I am using the AVR 8 bit Timer0 to generate the regular sample intervals, by triggering an interrupt. By using a MCU FCPU frequency which is a binary multiple of the standard audio frequencies, we can generate accurate reproduction sampling rates by using only the 8 bit timer with a clock prescaler of 64. To generate odd audio frequencies, like 44,100 Hz, the 16 bit Timer1 can be used to get sufficient accuracy without requiring a clock prescaler.

The ATmega1284p ADC is set to free-run mode, and is scaled down to 192 kHz. While this is close to the maximum acquisition speed documented for the ATmega ADC, it is still within the specification for 8 bit samples.

ISR(TIMER0_COMPA_vect) __attribute__ ((hot, flatten));
ISR(TIMER0_COMPA_vect)
{
#if defined(DEBUG_PING)
  // start mark - check for start of interrupt - for debugging only (yellow trace)
  PORTD |= _BV(PORTD7); // Ping IO line.
#endif

  // MCP4822 data transfer routine
  // move data to the MCP4822 - done first for regularity (reduced jitter).
  DAC_out (ch_A_ptr, ch_B_ptr);

  // audio processing routine - do whatever processing on input is required - prepare output for next sample.
  // Fire the global audio handler which is a call-back function, if set.
  if (audioHandler!=NULL)
    audioHandler(ch_A_ptr, ch_B_ptr);

#if defined(DEBUG_PING)
  // end mark - check for end of interrupt - for debugging only (yellow trace)
  PORTD &= ~_BV(PORTD7);
#endif
}

This interrupt takes 14 us to complete, and is very short relative to the 333 us we have for each sample period. This gives us plenty of time to do other processing, such as running a user interface or further audio processing.

SPI Transaction

At the final level of detail, we can see the actual SPI transaction to output the incoming sample to the MCP4822 DAC.

SPI DAC Transaction

SPI MCP4822 DAC Transaction

As I have built this application on the Goldilocks Analogue Prototype 2 which uses the standard SPI bus, the transaction is normal. My later prototypes are using the Master SPI Mode on USART 1 of the ATmega1284p, which slightly accelerates the SPI transaction through double buffering, and frees the normal SPI bus for simultaneous reading or writing to the SD Card or SPI Memory, for audio streaming. In the Walkie Talkie application there is no need to capture the audio, so there’s no down side to using the older prototypes and the normal SPI bus.
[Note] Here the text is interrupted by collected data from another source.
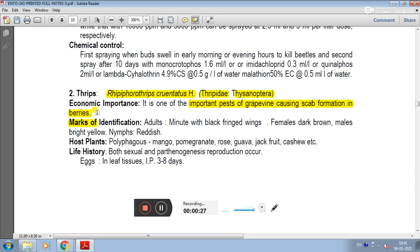In the marks of identification: the adult is minute with black fringe wings. Females are dark brown, males are bright yellow and reddish.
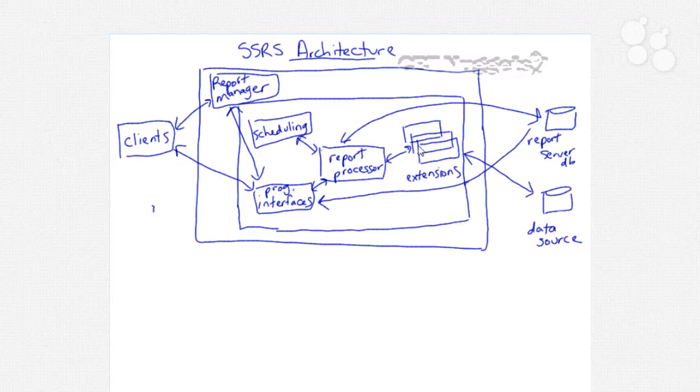We also have here extensions which is essentially a .NET assembly and it's invoked by the report processor. Now there's several types of extensions, for example delivery, data processing, rendering, security and so on.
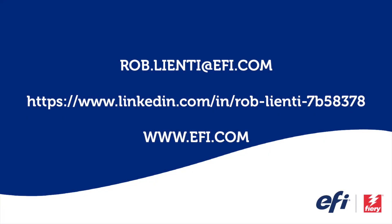I want to thank you for joining me for this edition of Fiery Friday. If you have any questions about the video you saw today, please feel free to reach out to me at rob.lienti at EFI.com or message me on LinkedIn. Have a great weekend.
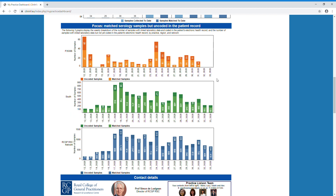The last section of the dashboard provides the weekly number of matched samples and the number of samples that are still uncoded in the patient record for your practice, your region and for the network.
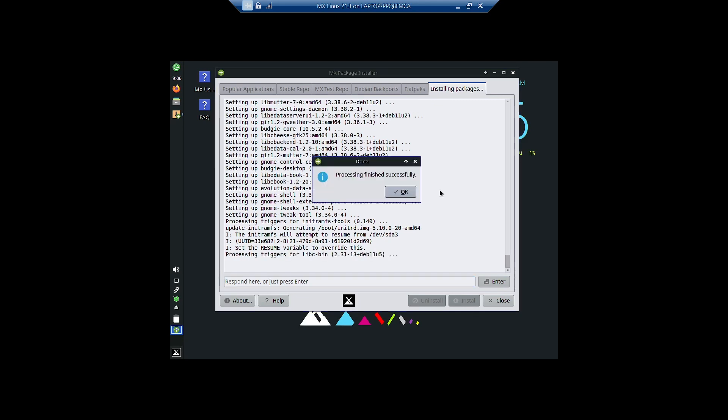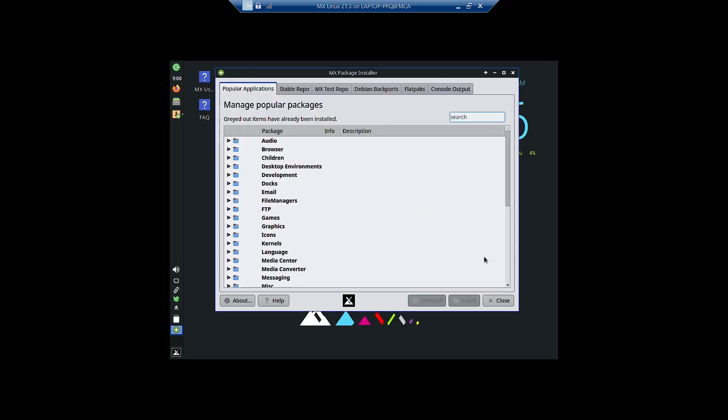Okay, so the installation is complete. I will stop the video here. See you in the next video where we will check out the Budgie desktop that we have installed in this video. See you then. Bye.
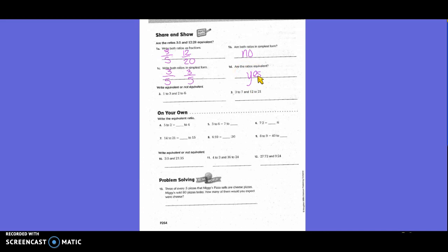Equivalent or not equivalent? Write them in fraction form: one-third and two-sixths. Is one-third in simplest form? Yes. Is two-sixths in simplest form? No. What goes into both two and six? Two - two goes into two once, and two goes into six three times. So two-sixths simplifies to one-third. Are they equivalent? Yes - equivalent.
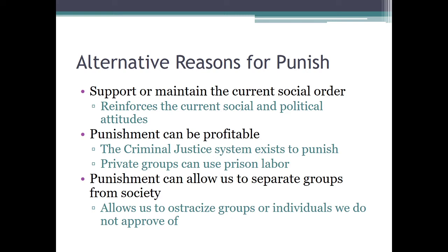Another reason we punish is that punishment itself can be profitable. The criminal justice system exists to punish, and private groups can use this existence to make money — through prison labor, through incarceration. It goes beyond things like private prisons. Punishment can also allow us to separate groups from society. If you can claim someone is an 'other,' outside of your community, it is so much easier to punish, ostracize, and limit that person's rights. Punishment allows us to say they're different — they don't have your rights because they're bad.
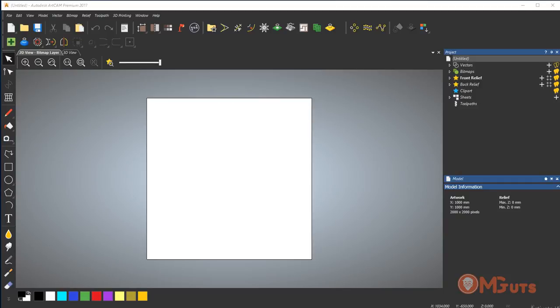Hi guys, this is Murat from MGTools.com. In this video I want to show you a new tool in ArtCAM 2017. All new features of ArtCAM 2017 you can find on the channel, but this tool was added not so long ago.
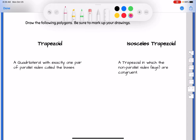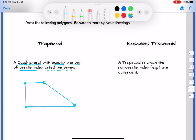Next we have trapezoids. A regular trapezoid is a quadrilateral — not a parallelogram — that has exactly one pair of parallel sides, and these sides are called the bases. So a trapezoid has only one pair of parallel sides. The top side and the bottom side are parallel and we call those the bases. The other two sides — like TP and RA — are not parallel, so it only has one pair of parallel sides.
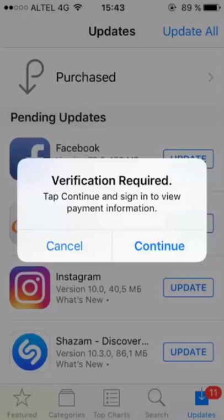Hey guys, welcome back to my channel. In this video I'm going to show you how to fix 'Verification Required' in the App Store — specifically 'Sign in to view payment information.' How can you fix this verification required error?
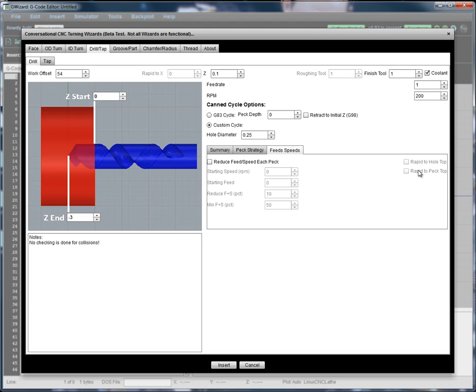Oddly enough, it's often faster to use feed motion just because most machines are set up to accelerate faster on their feed to get up to speed than they are on their rapids. So that's something to know.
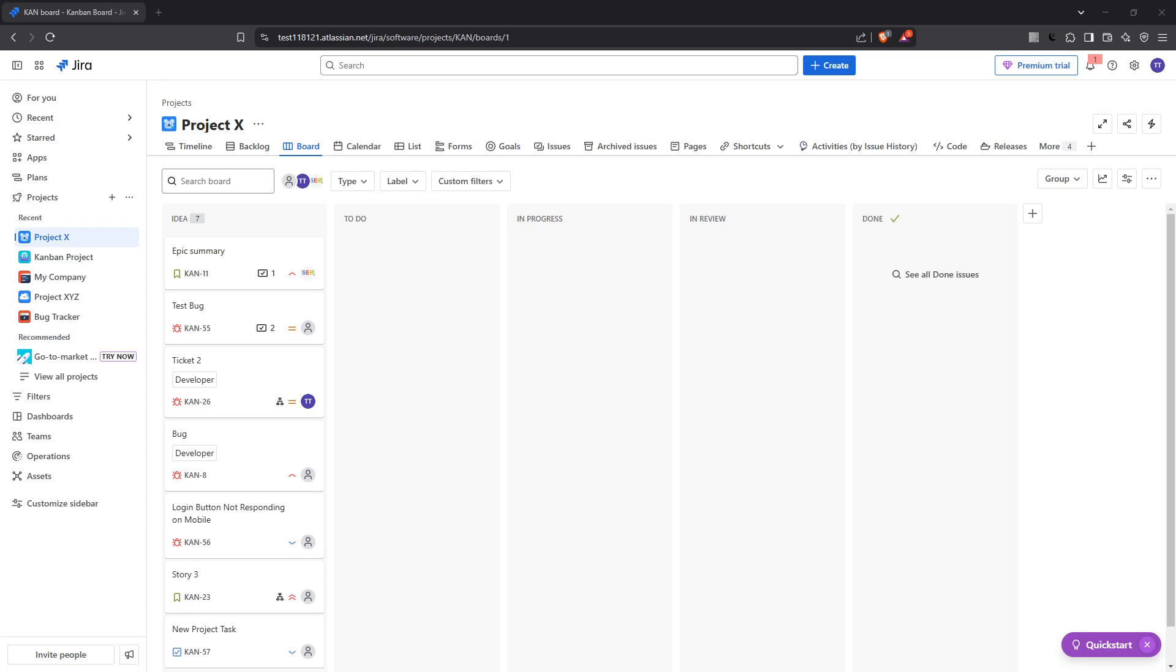In today's video I'm going to teach you how to log hours, time or work details under a ticket in JIRA. Now keeping track of your work is crucial for project management and JIRA provides a seamless way to manage your time effectively.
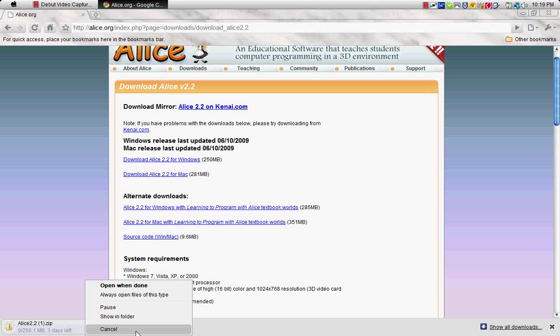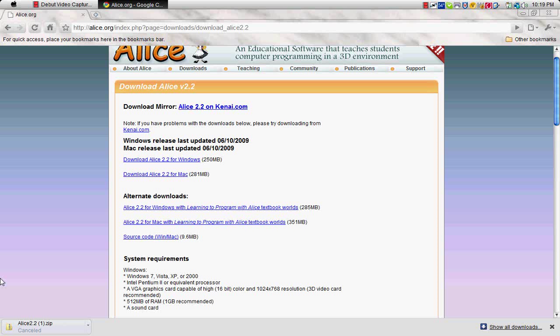Okay, well I got back, so this thing, I already downloaded it, so I'm not going to, I'm going to cancel it. And I just canceled it.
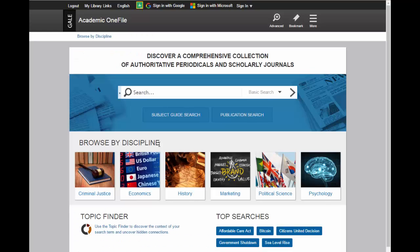On the front page of the database, you can use the drop-down menu to pick the type of search you want to do. Let's use key terms from a typical research question, and separate each concept with AND.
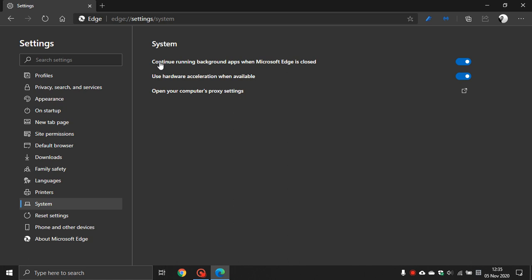Under System you see a header here called Continue Running Background Apps When Microsoft Edge is Closed. What we want to do is we want to turn that off.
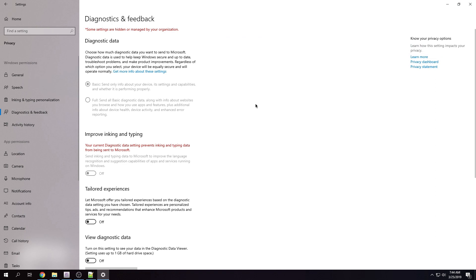They're grayed out for me and I'm going to explain why in a second. So you have basic and full. Basic is only going to send information about your hardware. If you have the full option enabled, they can see a lot of information.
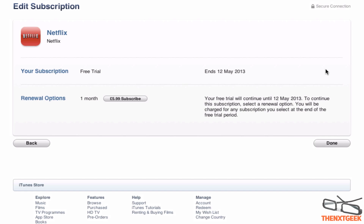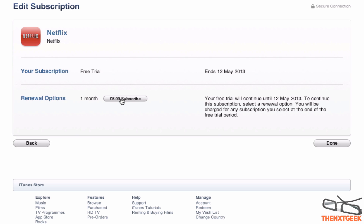Now I'm going to go into Edit. When you edit, you can see the description and you can adjust your subscription or renewal option. You can see the free trial ends on the 12th of May, or I can renew this for $5.99 by clicking Subscribe. When I click that it will prompt me whether I want to continue, and once done I click Done.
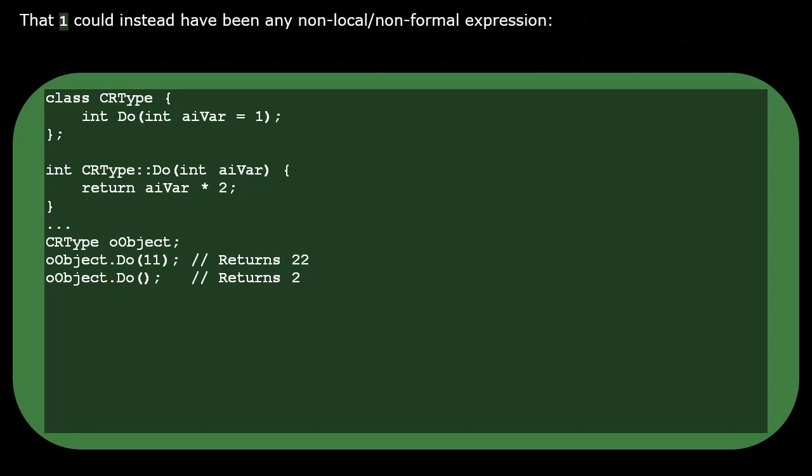When we program this default value of one, we don't need to constrain ourselves to only using a literal. It could have been a full numeric expression, but you cannot define one parameter in terms of another, regardless of what order you've typed them in.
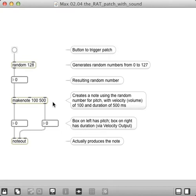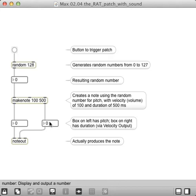And then these two boxes will actually have the pitch, and this one does the duration by modulating the volume from 0 to 100. And then this down here actually creates the note.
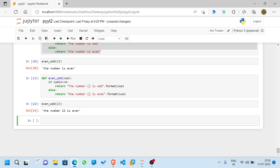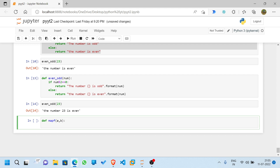Now we'll see a good example of the map function, and then try a more complex problem. I'll define a function using def — let's call it my_function — that takes parameters a and b and returns a + b. Let me run this.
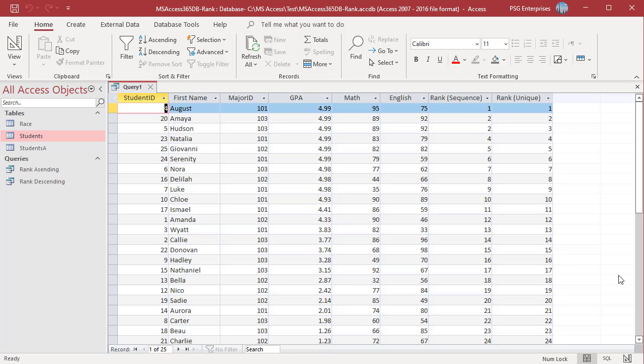Students are ranked based on GPA, Math, English, and Student ID. Students are ranked uniquely.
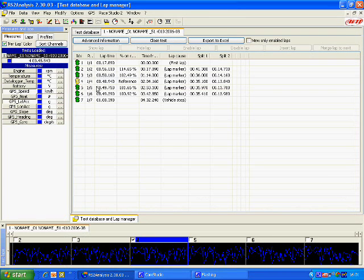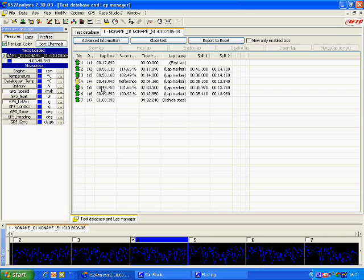When you do that, this tab will pop up and here are our laps. Before we start analyzing these laps, we want to have a map so when we analyze the data we can see what point of the circuit we are looking at and also from the map we can create splits and create split reports.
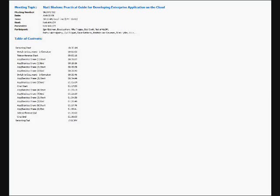So I'll start with a quick introduction to GIGASpaces. The important thing, and I don't want to spend too much time on that, is that we've been dealing with distributed computing for a long time. For us, cloud computing...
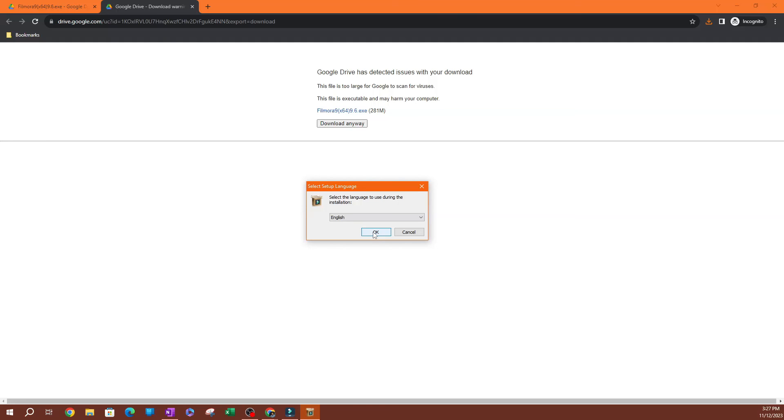I'm not going to install this just because I don't want it to replace what I have. But that is how you're going to be able to install an older version of Filmora. So thank you so much for watching. I'll see you guys the next one. Peace.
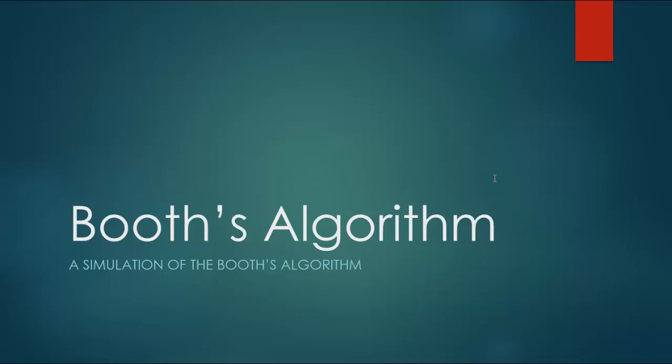Okay, so hey guys, it's Quinston and today we're gonna learn about the Booth's algorithm. This is not an out-and-out tutorial about the Booth's algorithm, but a simulation and how it works using string bits. Yeah, it's pretty awesome.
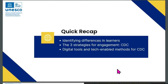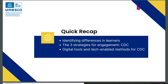Let's begin with a quick recap of yesterday's session. Yesterday was a session on Engage — talking about how we can use digital tools, technology, and digital pedagogy to engage different kinds of learners. The first thing we spoke about was identifying differences in learners: the importance of observing our learners, understanding their different needs, preferences, and different styles.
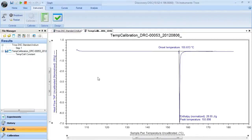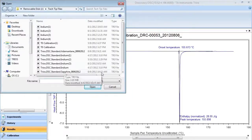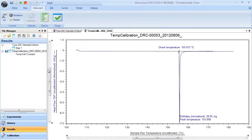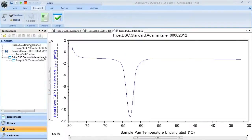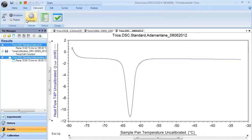This will also enter information into the cell constant and temperature table. If you'd like to enter multiple calibration sets into your temperature table, you need to make sure that both data files are open. If you select both the indium and, in this case, the adamantine, the calibration button will become active again.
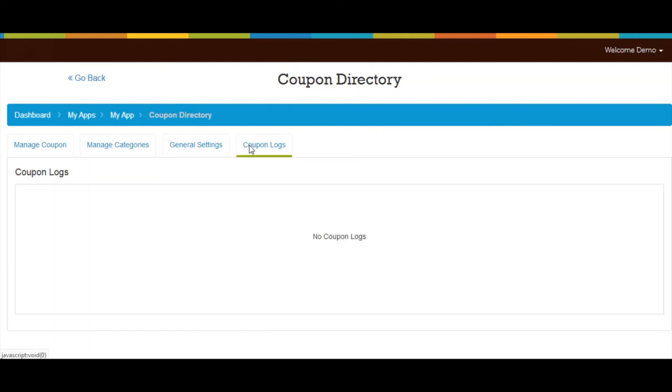Now let's move to Coupon Logs — here you can keep track of coupon usage. That's all for now, thank you for watching.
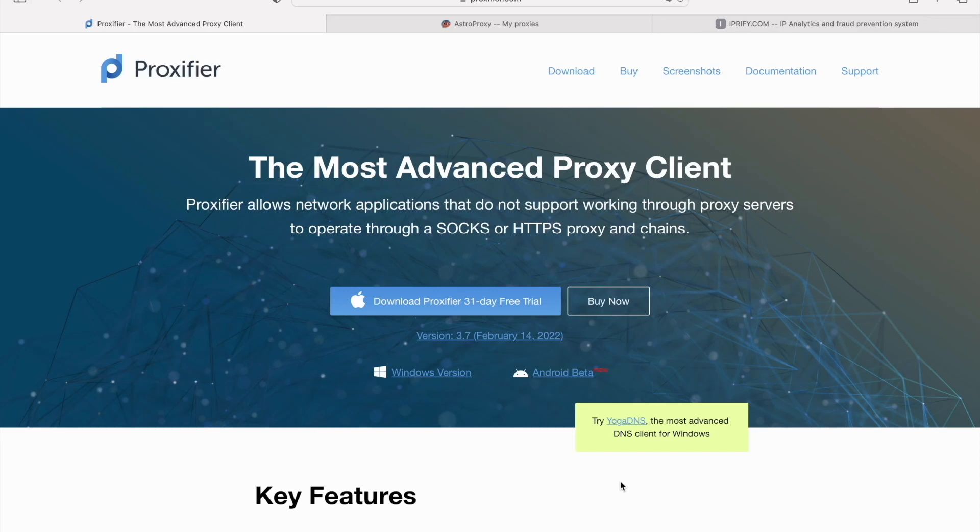Hello, buddy! Today I, Pupa, will show you how to set up the proxy in Proxifier.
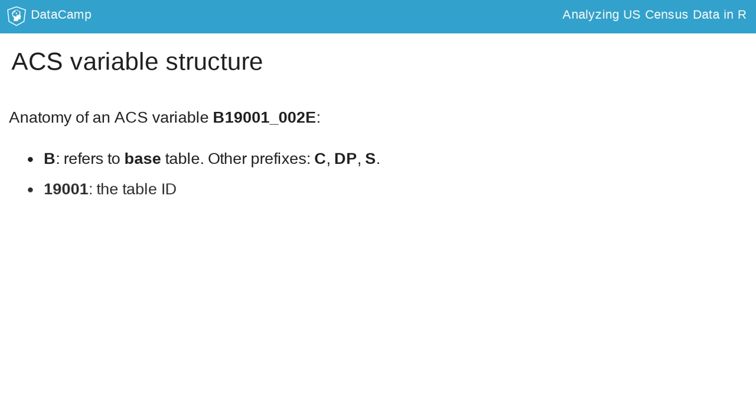The component 19001 refers to the table ID. In this case, the variable belongs to a table of related variables which cover different household income bands.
void DAC_out(const uint16_t * ch_A, const uint16_t * ch_B)
{
  DAC_command_t write;

  if (ch_A != NULL)
  {
    write.value.u16 = (*ch_A) >> 4;
    write.value.u8[1] |= CH_A_OUT;
  }
  else // ch_A is NULL so we turn off the DAC
  {
    write.value.u8[1] = CH_A_OFF;
  }

  SPI_PORT_SS_DAC &= ~SPI_BIT_SS_DAC; // Pull SS low to select the Goldilocks Analogue DAC.
  SPDR = write.value.u8[1]; // Begin transmission ch_A.
  while ( !(SPSR & _BV(SPIF)) );
  SPDR = write.value.u8[0]; // Continue transmission ch_A.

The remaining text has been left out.